Posted on: November 12, 2007


The ca. 2300-meter-high south face of Annapurna seen just after dawn from Annapurna South. The seven-and-a-half-kilometer-long east ridge forms the right skyline. (A) Main Summit (8091m), (B) Central Summit (8061m), (C) East Summit (8047m) and (D) Kangsar Kang. (1) the Far East Rib leading to the crest of the east ridge, climbed as far as the East Summit by Hajzer and Kukuczka in 1988, and likely solo by Tomaz Humar in October. [Photo] Lindsay Griffin

There has been a lot of speculation around the world as to the recent solo achievement of the Slovenian mountaineer, Tomaz Humar, on Annapurna I (see the November 5, 2007 NewsWire).

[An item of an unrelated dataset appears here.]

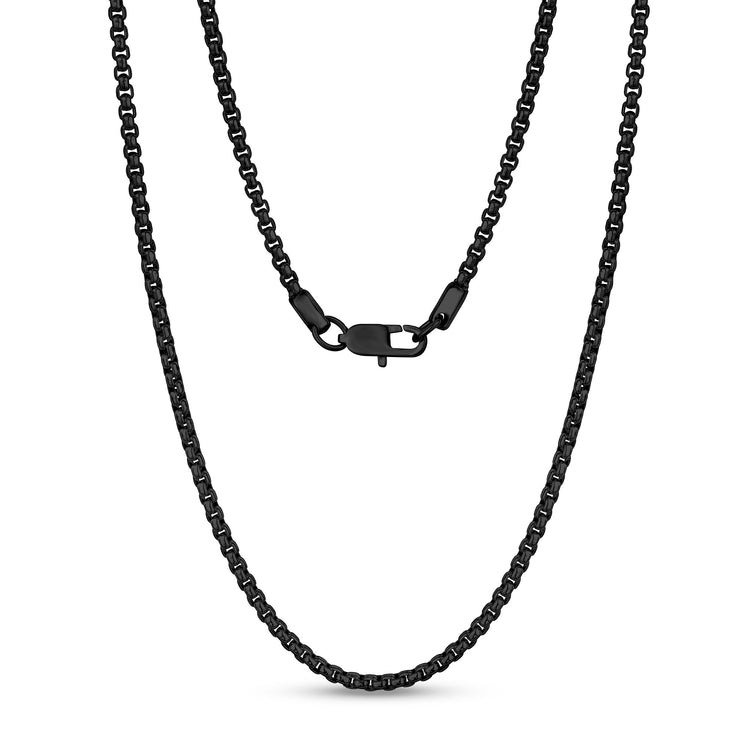 Unisex Kettingen - 3mm Ronde Box Link Zwarte Staal Ketting Ketting
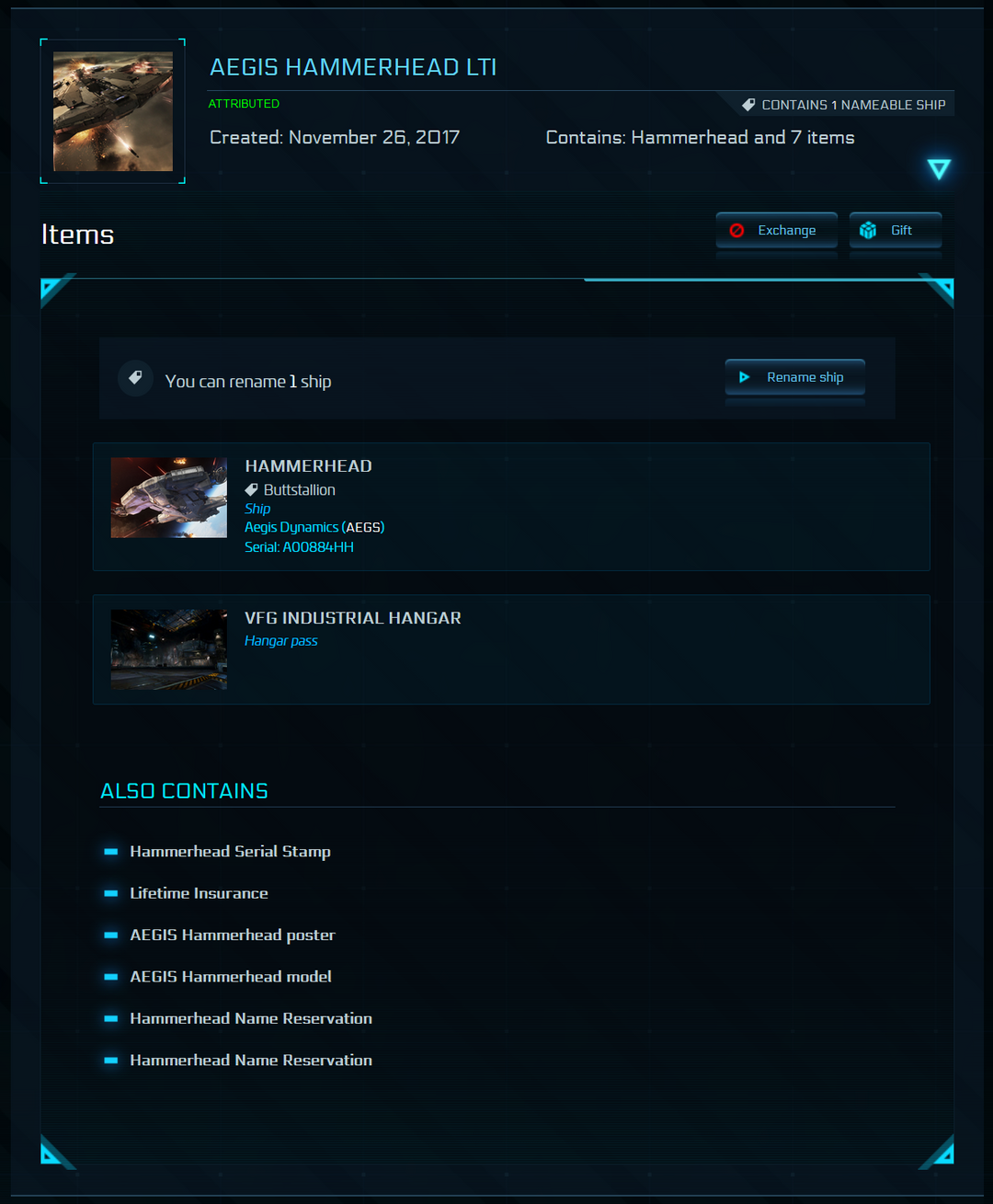 Hammerhead - Original Concept LTI Warbond (Name Reservation + Serial Stamp)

Following a short TV emmission in his native country, where he appears to indicate on a photograph the line climbed, it is beginning to look as though Humar did not climb a new route at all but repeated an ascent made in October 1988 by the legendary Poles, Artur Hajzer and Jerzy Kukuczka, on what they refer to as the Far East Rib of Annapurna's south face.

This rib, approximately 1500 meters in height, rises from the upper northeast corner of the South Annapurna Glacier to meet the huge east ridge of Annapurna I, a little to the west of a small, pointed top known as Kangsar Kang (aka Roc Noir, 7485m).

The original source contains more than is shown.